Baseline values of plasma ALT in female (A) and male (B) study subjects; baseline INR values in female (C) and male (D) study subjects. Plasma ALT activities of 35–105 U/L and 40–120 U/L were considered mildly elevated in females and males, respectively. Plasma ALT activities of 105–175 U/L and 120–200 U/L were considered moderately elevated in females and males, respectively. Plasma ALT activities above 175 and 200 U/l were considered severely elevated in females and males, respectively. INR values between 1.2 and 1.5 were considered mildly elevated, while values between 1.5 and 2.5 were considered moderately elevated. Gray areas indicate normal ranges of plasma ALT and INR values. Neonatal onset females (dark purple), late onset females (light purple), asymptomatic females (lavender), neonatal onset males (navy), late onset males (light blue), asymptomatic males (cyan)

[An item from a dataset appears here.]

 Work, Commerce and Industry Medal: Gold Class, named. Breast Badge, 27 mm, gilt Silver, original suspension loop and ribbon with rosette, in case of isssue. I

A number of participants in the longitudinal study of OTCD had normal liver function when they joined the study but subsequently developed symptoms of hepatic dysfunction. Most study subjects with symptoms of liver dysfunction had mildly elevated plasma ALT (Table S5). One male study subject with neonatal onset OTCD, five female participants with late onset OTCD and three asymptomatic female participants had moderately elevated plasma ALT at least once during their participation in the study (Table S5). Four study subjects, a male with neonatal onset OTCD and three females with late onset OTCD, had severely elevated plasma ALT at least once during their participation in the study (Table S5). A majority of study subjects who experienced elevated INR al least once during participation in the study had moderately elevated INR, while one female participant with late onset OTCD and three asymptomatic females had severely elevated INR (Table S6). A number of study subjects, one male and two females with neonatal onset OTCD, five males and eight females with late onset disease and two asymptomatic females, had both elevated INR and plasma ALT during their participation in the study. Some study subjects with most elevated markers of liver dysfunction had hyperammonemic episodes while others did not. A male study subject with neonatal onset OTCD who had severely elevated ALT and moderately elevated INR experienced two hyperammonemic episodes during two years of participation in the study. Of the three female study subjects with late onset OTCD and severely elevated plasma ALT, one had moderately elevated INR and experienced one hyperammonemic episode in four years of participation in the study, one had normal INR and one hyperammonemic episode in five years and one had normal INR and no hyperammonemic episodes during five years of her participation in the study. Of the four female study subjects with severely elevated INR, one had no hyperammonemic episodes during five years of her participation in the study and other three are asymptomatic carriers of OTC mutations. This suggests a complex relationship between health of the liver and its ability to maintain normal ammonia levels in the blood.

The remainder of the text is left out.